▸ **Available data**

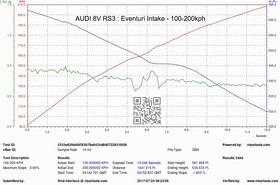 Intake system Audi 8V RS3 LHD Carbon V1 Eventuri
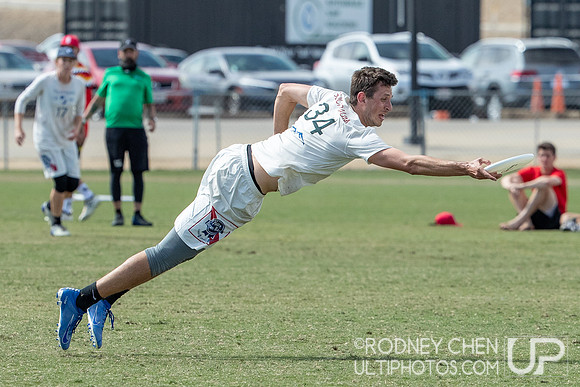 2019 Southwest Club Regionals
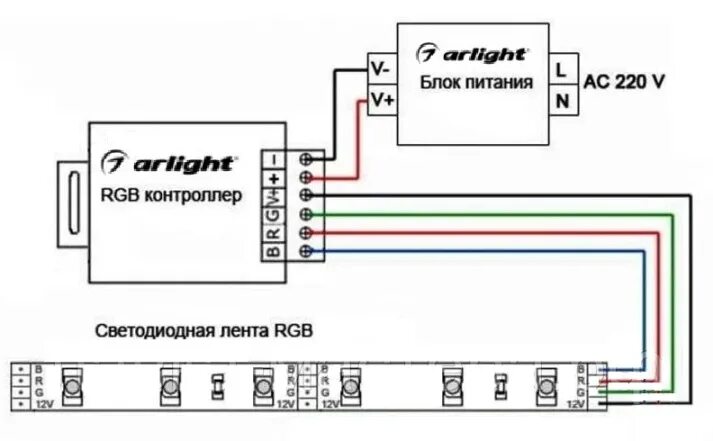 Подключение через контроллер Схема подключения RGB ленты к контроллеру - SignLed.ru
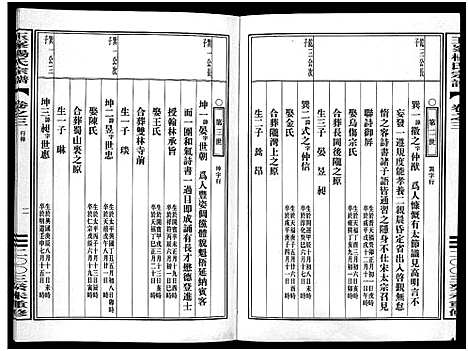 [下载][玉峯杨氏宗谱_4卷]浙江.玉峯杨氏家谱_三.pdf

▸ **Activity**
Please reproduce, exactly and only, the lines from the line containing "2019 Southwest Club Regionals" through the last line of the material above, minus any pictures.

▸ **Written response**
 2019 Southwest Club Regionals
 Подключение через контроллер Схема подключения RGB ленты к контроллеру - SignLed.ru
 [下载][玉峯杨氏宗谱_4卷]浙江.玉峯杨氏家谱_三.pdf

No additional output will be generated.